If you're on a UNIX system or have comparable tools, a simple awk script
can do this much.  However, you don't learn much from it.  In particular,
given the question:

> Are there any other tools to measure the complexity
> of a source file?

it's clear you're off on the wrong foot.  A count of source lines is NOT a
useful measure of program size or complexity.  Incidentally, be careful
about the difference between size and complexity!

As noted by flint@gistdev.UUCP (Flint Pellett):

> Comment lines don't count?  What are you going to use the count for when you
> get it? ... If you're counting for purposes of
> measuring productivity, then comment lines certainly do count, otherwise
> you're going to be encouraging people to not document their code.

Pellett is correct about the effect of not counting comment lines.
However, if you go off counting lines as a measure of work, you'll see a
useful comment like:

/*	lexcom - scan (a piece of) a comment
 *	Return either T_COM if end of comment found or T_NULL if end of
 *	line found first.
 *	Also handles instate and comment counting.
 */

turn into a baroque display like:

/************************************************************************/
/*                                                                      */
/*    FUNCTION NAME:    lexcom                                          */
/*                                                                      */
/*    RESULT TYPE:      int                                             */
/*                                                                      */
/*    ARGUMENTS:        (none)                                          */
/*                                                                      */
/*    PURPOSE:          blather babble...                               */
/*                                                                      */
[etc., ad nauseam...no sense wasting netbandwidth on it...]
/*                                                                      */
/************************************************************************/

The same thing will happen if you associate some reward or figure of merit
with source-line count, or identifier length, etc...you'll see:

	for (p = s; *p; p++) {
		[stuff]
	}

turn into:

	for (string_search_pointer = target_string;
		*string_search_pointer != STRING_TERMINATOR;
		string_search_pointer++)
	{
		[stuff]
	}

When I've tried to measure C source-file size and complexity, I've used a
program which does a simple analysis of the source but gives several
measures, including the following:
	blank lines
	lines containing only comment text
	lines containing only code
	lines containing comment and code
	average comment length or histogram of lengths
	average number of tokens per line, per nonblank line
	average identifier length or histogram of lengths
	average nesting level (requires tedious explanation)
	count of occurrences of each keyword
	count of occurrences of literal constants, by type
The result, of course, does NOT reduce program size or complexity to a
single number.  The token count is far more useful than a line count if you
want to know "how much code" you've got, but it's still woefully
inadequate.

I offer two rules about measuring program size/complexity:

1.  Any variant of "source line count" is useless as a measure of the
program.
	I've heard countless times the rationalization that "Well, it may
	not be good, but it's the best we can do."  This is WRONG!  It's
	worse than no measure at all.  It implies that you have information
	you don't really have.  If it's used as a measure of productivity,
	it's particularly bad, because there are obvious ways to pervert
	any obvious measures--and all of them make for worse programs.

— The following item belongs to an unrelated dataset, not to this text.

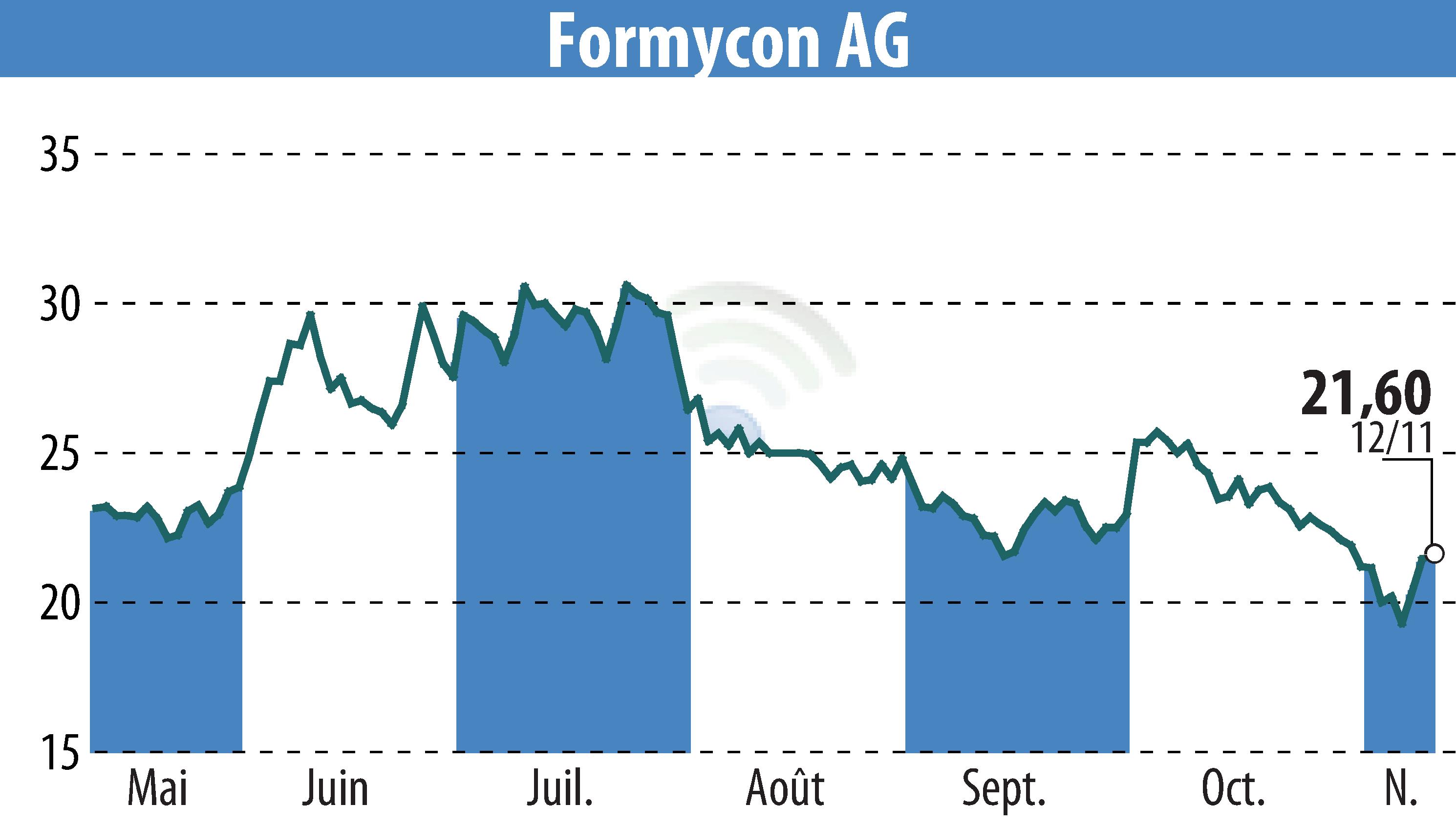Stock price chart of Nanohale AG (EBR:FYB) showing fluctuations.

2.  Programs are supposed to be good, not big.
	A program should be measured against what it is supposed to do.
	Sheer size is often unrelated to apparent complexity, and both may
	be unrelated to actual complexity (in terms of programming effort).

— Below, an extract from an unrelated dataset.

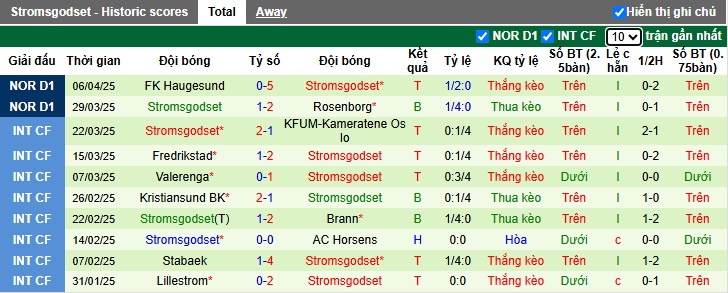 Nhận định, Soi kèo Brann vs Stromsgodset 0h ngày 11/4: Hủy diệt trên sân nhà - Ảnh 2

Talking among various people I know, we've all come up with a joke about
"negative productivity".  You start the day with, say, a thousand lines of
crappy code and end the day with 300 lines of clean code--thereby having
produced -700 lines of code for the day.
-- 
Dick Dunn     rcd@ico.isc.com    uucp: {ncar,nbires}!ico!rcd     (303)449-2870
   ...Are you making this up as you go along?

rcd@ico.ISC.COM (Dick Dunn) (08/18/89)

johnk@opel.UUCP (John Kennedy) writes:
> It is not uncommon to generate NCSL (Non-Commentary Source Lines) for
> purposes of productivity.

I assume this intended "productivity measurement".  And sure, it's not
uncommon...but it's still wrong.  A count of non-commentary source lines
says nothing about the amount of actual code produced, nor about
productivity.  In fact, it's worse than that:  If you tell people their
productivity will be judged (in part) on NCSL, their coding style will
change--probably for the worse.  An experienced eye can often tell whether
code was written with an eye to NCSL as a productivity measure!

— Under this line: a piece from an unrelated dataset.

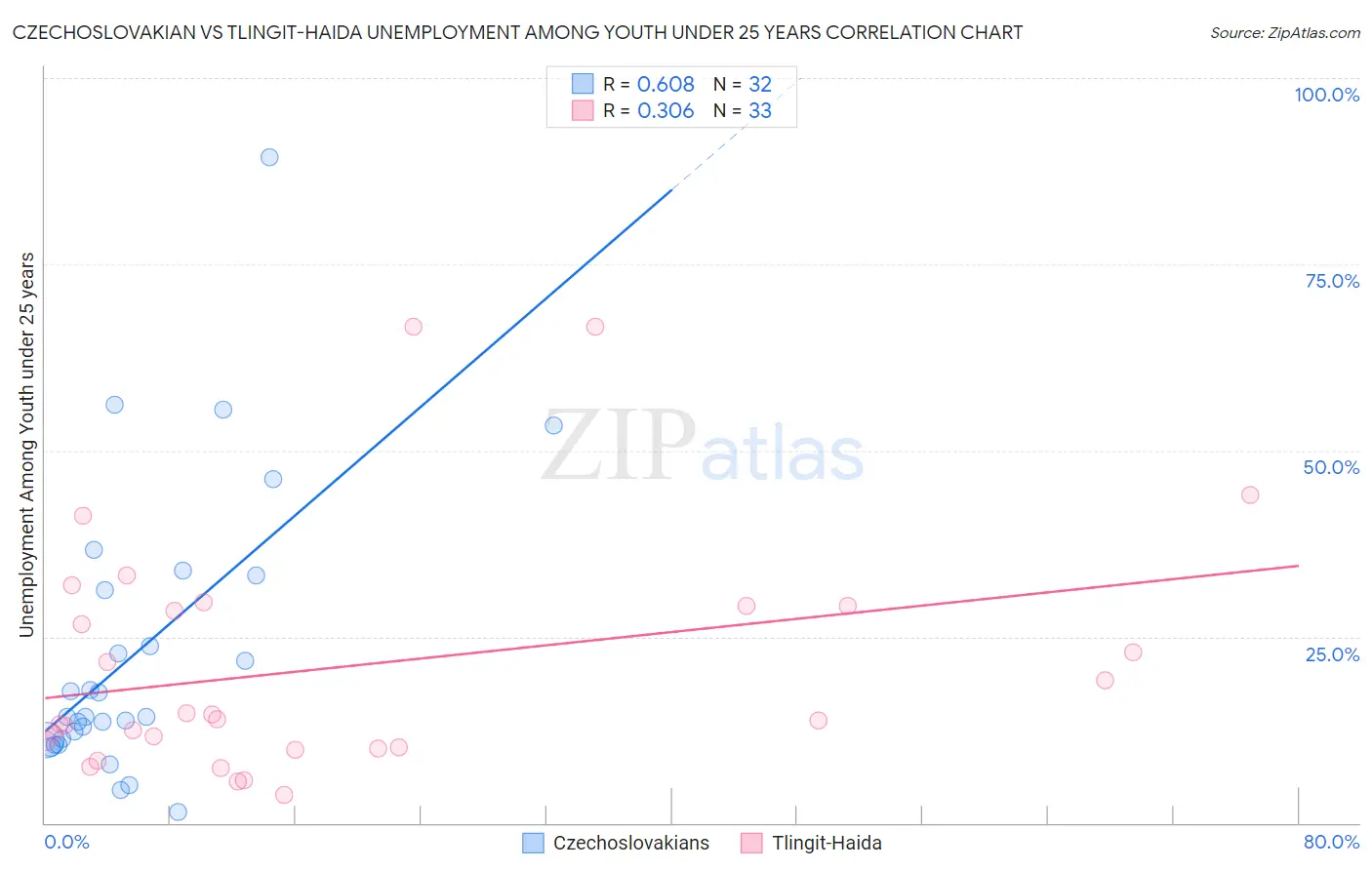 Czechoslovakian vs Tlingit-Haida Unemployment Among Youth under 25 years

> ...NCSL estimates have a relationship to
> size and execution time predictions...

They have some relationship to code size--not very good, but possibly
slightly useful if you compensate for density of code (number of tokens
per line). They have little or no relationship to execution time predic-
tions; in too many cases the relationship will be inverted.

Consider replacing an algorithm which is O(n^2) in time with a more
complicated O(n*log(n)) algorithm.  Or consider manual inline expansion
of time-critical code sequences instead of using a procedure.  Both
increase the program text size in order to decrease execution time.
-- 
Dick Dunn     rcd@ico.isc.com    uucp: {ncar,nbires}!ico!rcd     (303)449-2870
   ...Are you making this up as you go along?

ajmyrvold@violet.waterloo.edu (Alan Myrvold) (08/18/89)

In article <35120@ccicpg.UUCP> swonk@ccicpg.UUCP (Glen Swonk) writes:
>-Does anyone have a program or a method of determing
>-the number of C source lines in a source file?

Ok. First off, sources don't really belong in comp.software-eng ...
so I feel a bit guilty, but here's a reasonably portable C program
to count :

     NCSL - non-commentary source lines
     LINES - source lines
     COMMENTS - C comments
     NCC - non-contiguous comments

It will even run on systems where (heaven forbid) the argv[] list
isn't as convienient to use as Unix's. And should compile with
either a K&R or ANSI-style compiler.

One known bug in the program is that VAX CC (and others) allow:

#include "foo.c""

Which confuses the string parsing part of my program.
Obfusicated C contest winners may also foul the program.

Flames and comments to alanm@cognos.uucp, please.

                                 - Alan
--- cut here ---
/* LOC.C count C lines of code, comments                                  */
/* For each c file, produces
     NCSL - non-commentary source lines
     LINES - source lines
     COMMENTS - C comments
     NCC - non-contiguous comments

If invoked with no arguments and the file "cfiles.lis" does not
exist, input is taken from stdin, output goes to stdout.

If invoked with no arguments and "cfiles.lis" does exist,
the filenames are assume to be in "cfiles.lis", and the
output is written to BOTH stdout and "cfiles.out".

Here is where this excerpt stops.